In the upcoming SportBusiness report ‘Understanding the Sports Data Challenge,’ author Richard Gillis writes that much of the business of sports media and sponsorship is a zero-sum game in which if one party wins, the other loses. Game over, winner takes all. Over time this dictates inequalities in revenue and ultimately impacts on competitive balance and the overall quality – and probably value – of the product.

That’s not a universal truth of course. Leagues in the United States and elsewhere have recognised the value of central sales of key media and sponsorship rights and more or less equal distribution of this revenue to provide core revenues and – maverick owners not withstanding – provide a base level of stability. But, in general, it remains a dog-eat-dog business.

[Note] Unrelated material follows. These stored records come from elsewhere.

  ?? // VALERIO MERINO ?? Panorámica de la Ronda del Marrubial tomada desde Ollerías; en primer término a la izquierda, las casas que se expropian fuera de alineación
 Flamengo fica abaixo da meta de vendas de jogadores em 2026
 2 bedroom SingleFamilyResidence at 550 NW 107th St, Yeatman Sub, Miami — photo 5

In his report Gillis – an award-winning author who, as a former managing partner at Cake, the Havas Sport and Entertainment agency, knows the industry from the inside – muses on whether it is time for the sports business across the board to  consider new ways of operating.

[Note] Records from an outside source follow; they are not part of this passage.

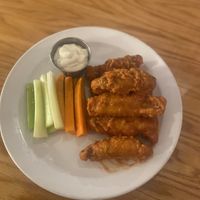 Buffalo wings  at Sticky Fingers Diner in Washington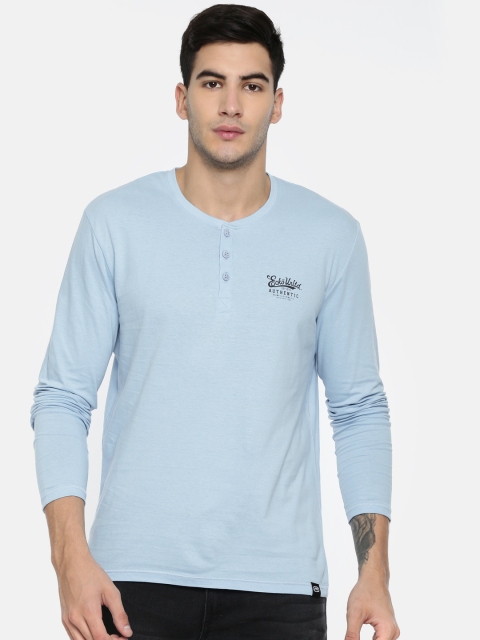 

Ecko Unltd Men Blue Solid Henley Neck T-shirt
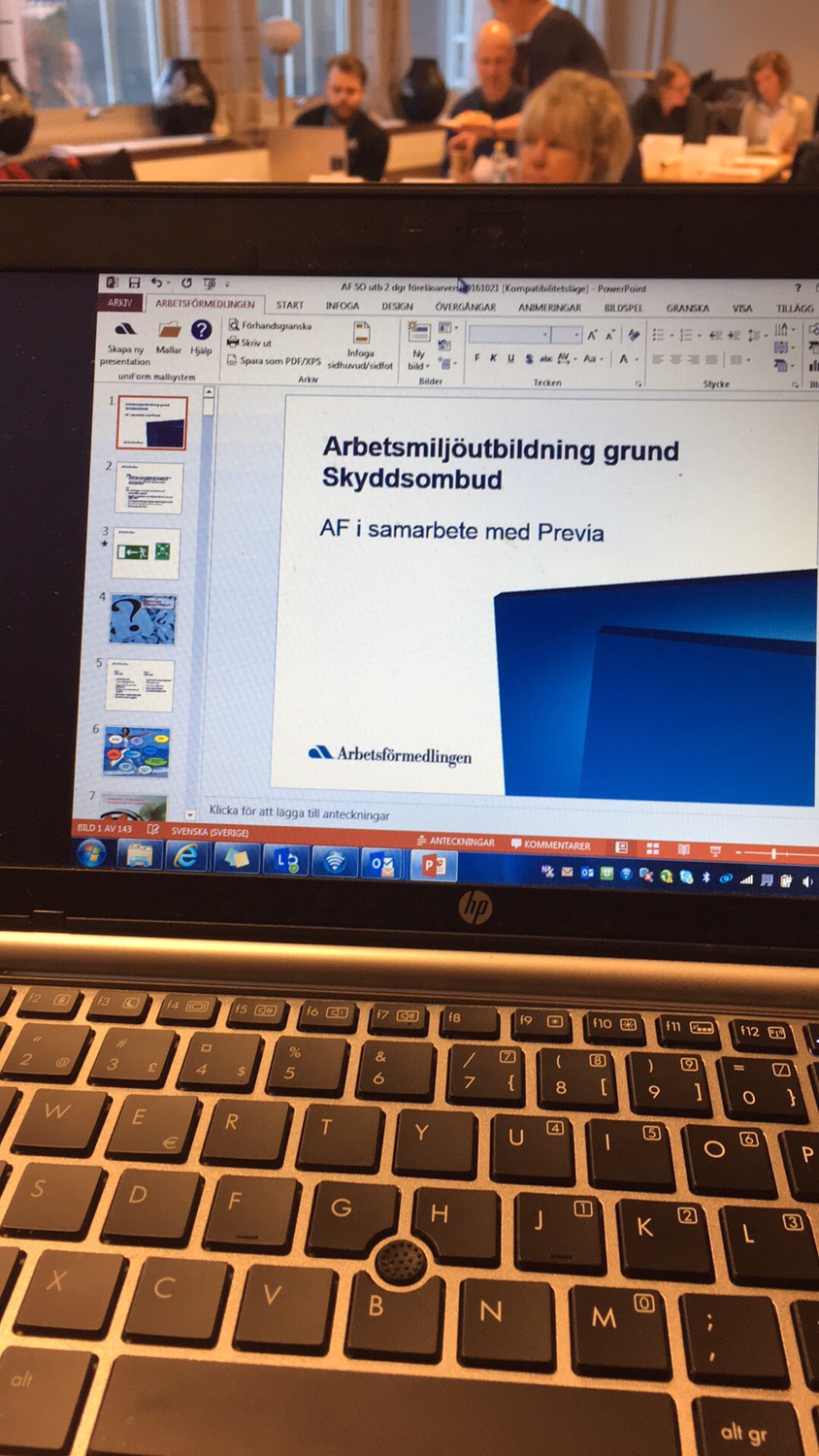 Trygg i rollen. 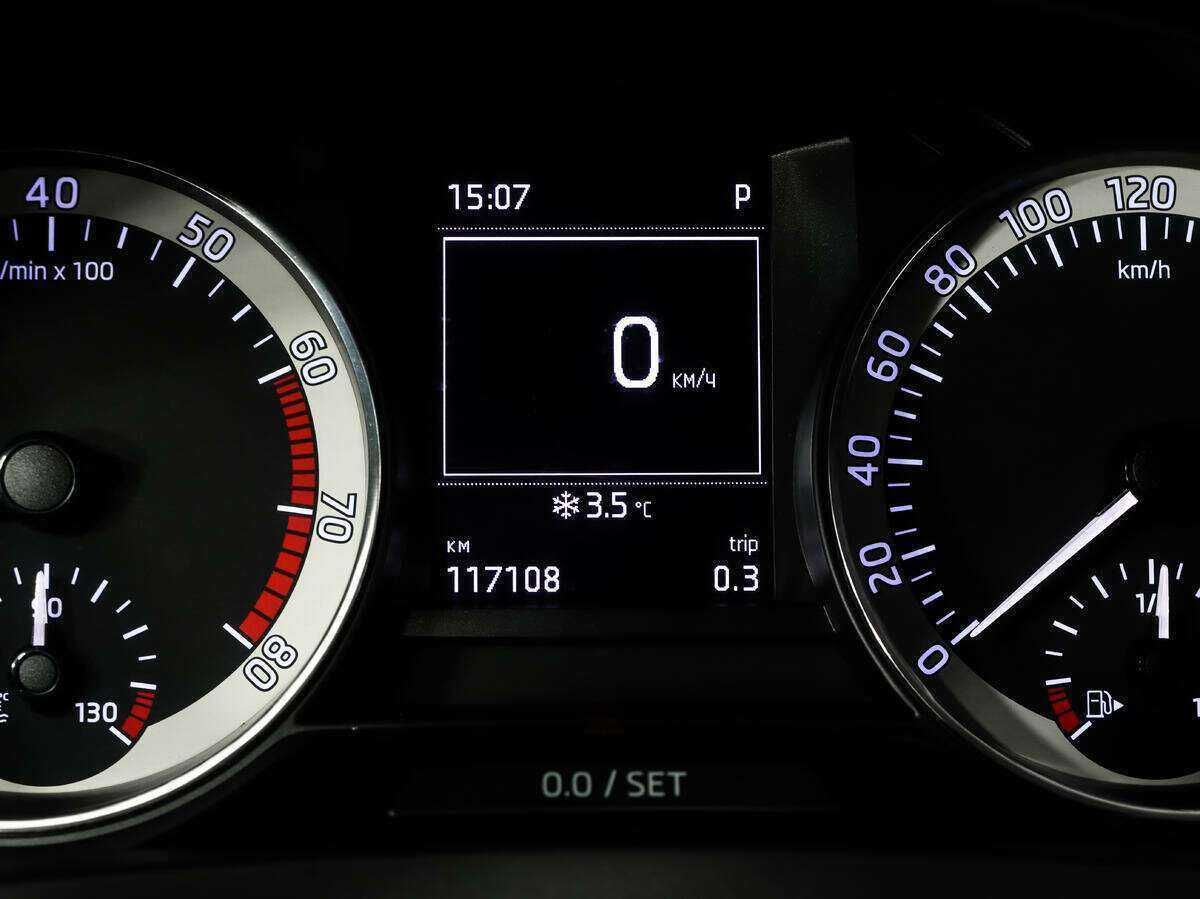 Купить Skoda Rapid с пробегом. Фото: #12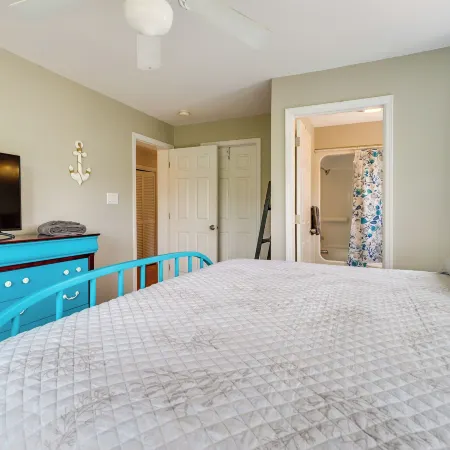 Surf City Vacation Rental - Walk to Beach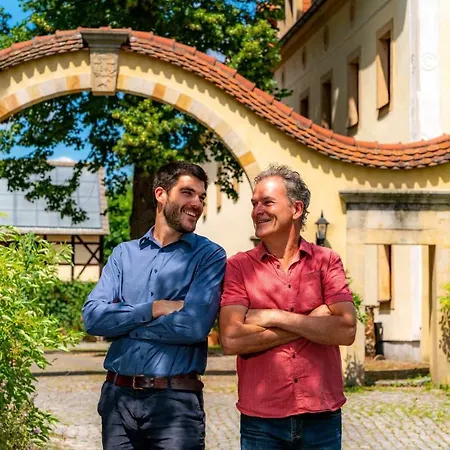 Hotel Gut Wildberg Mit Badeteich Meißen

And counter-intuitive though it may appear in a sector where the product itself is built on intensity of competition and desire to be #1, he suggests that one of the ways to grow the value of the sports sector overall would be a move toward greater collaboration.

Specifically, his focus is in the area of data and the potential benefits of aggregation rather than ownership of data about sports fans. The power of Google, Facebook, Amazon et al lies in the vast reservoir of data they hold about their users. It’s what makes them the giants they are today, organisations whose commercial success and political influence go way beyond anything we have seen or experienced before.

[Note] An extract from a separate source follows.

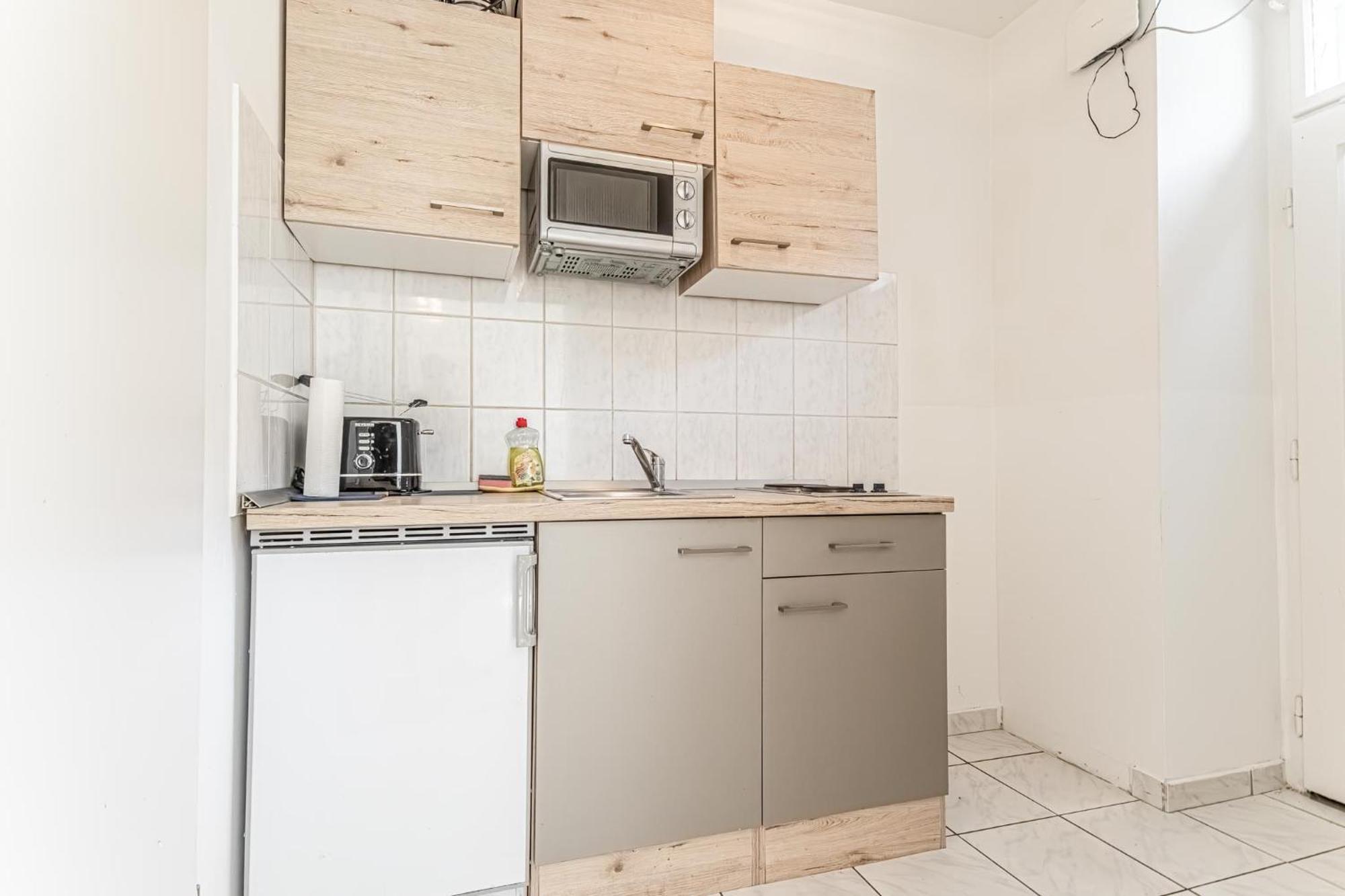 City Vibes: 1Br Apt, 10 Min To Westbahnhof Wien Eksteriør billede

Taken as a whole, sport has a vast number of ‘users’ worldwide but the data held about them is inevitably patchy and held in silos, and closely guarded by thousands of individual businesses. The question Gillis asks us to consider is how much more valuable the sports business would become if that data could be better standardised, integrated and aggregated. The suggestion is that it would be transformational, giving everybody a slice of a far bigger pie.

It’s a fascinating notion and one which would demand a significant cultural change among the owners of sports clubs and properties but the examples from the wider world of global commerce are there for all to see.

While widespread data sharing across sport is not something we’re going to see anytime soon, can the principle of collaboration rather than competition be applied in other areas to boost the value of sports businesses?

How about lower league football for example? Far from the bright lights and international television coverage afforded to the top tier is a whole world of often cash-strapped clubs whose sponsors inevitably tend to be local brands and businesses.

That’s fine when the team is playing at home in front of an audience which can relate to that sponsor. But when the team goes on the road, the space afforded to their local sponsor is, effectively, wasted. There is nothing for a logo or message to resonate with. Instead, why not pool sponsorship rights for visiting teams’ jerseys sop that they can be offered to a new category of sponsor – brands with a nationwide presence. The leagues won’t sell this deal on their behalf, but a collective approach could make all the difference and add significantly to the overall value of the club s’ sponsorship inventory.

Elsewhere perhaps clubs from different sports with similar fan demographics could integrate to create propositions where the overall value is significantly greater than the sum of its parts.

As Gillis and those who he interviewed for the report point out, while there are isolated examples of this type of co-operation and integration to be found around the world, it is certainly not commonplace. But as sport has to work ever harder to retain its share of consumer spend, maybe now is the time to embrace integration and co-operation in new ways.